In a year that has seen Coopers invest $10 million in upgrades and expansions to its Leabrook site, the local craft beer scene has exploded too. Cam says this rapid change within SA, which celebrates the Adelaide Beer Awards tomorrow night, has been remarkable. Where a few years ago he could drive around the state and see “one brewery in the Barossa and one in Goolwa now there’s 20 or 30 coming up," he says.
“The challenge for all of these little, boutique businesses will be how they maintain longevity and keep it growing as they get growth.”
That's a subject on which his employer is well placed to comment. After more than a century and a half, the same family remains in charge, the brewers still brew the founder's original beer and, while it operates on a different plane to the brewers we usually cover on The Crafty Pint, few would ever question its claim to be the original craft brewer. And, as small scale, local brewing with a focus on flavour and integrity grows, it's helping Coopers too by bringing renewed interest into beer as a whole at a time when overall sales are declining.
“Where we’re getting growth,” says Cam, “is in premium, craft and mid strength – our Mild is experiencing significant growth."
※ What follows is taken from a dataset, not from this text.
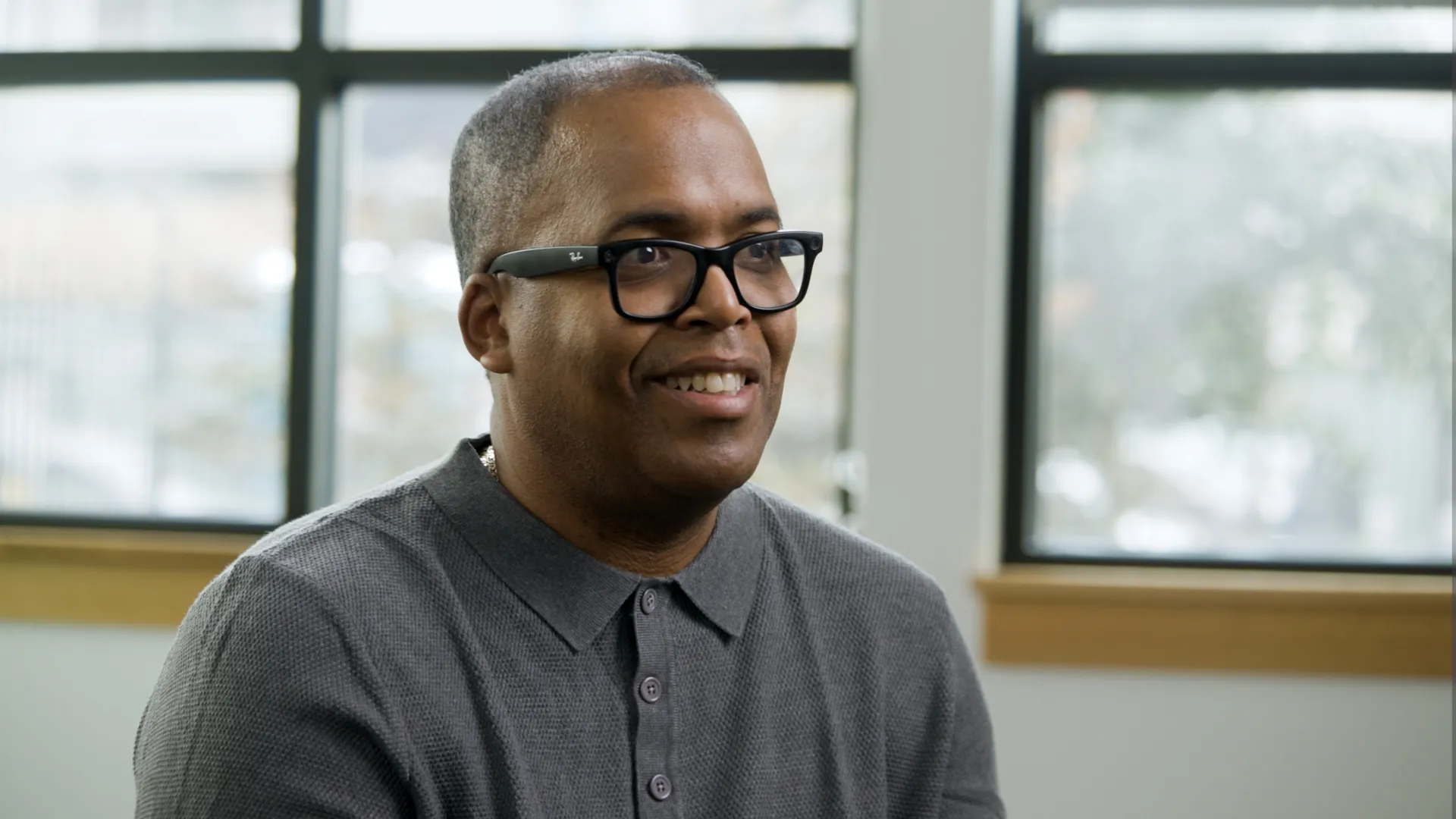 Interview subject smiling during a professionally lit on-camera interview in an office.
He believes they occupy a unique position in terms of their appeal: Coopers is seen as a “safe haven” for mainstream drinkers looking to try something other than the lagers they usually opt for and also a sessionable alternative for craft beer drinkers looking for a break from bigger beers.
“People want to engage with us and learn about us," he says. "As distinct from trying to ram [a story] down their throats, we’re recognised more as an Australian family business.
“We want to grow the business in the right way, nurture it and be sensible about it: slow, steady, consistent, quality and [with] respect for our customers and consumers. Climbing up the cliff face one step at a time.”
Wise words, no doubt, for the hundreds of small brewers who would love to be the Thomas Coopers of the future.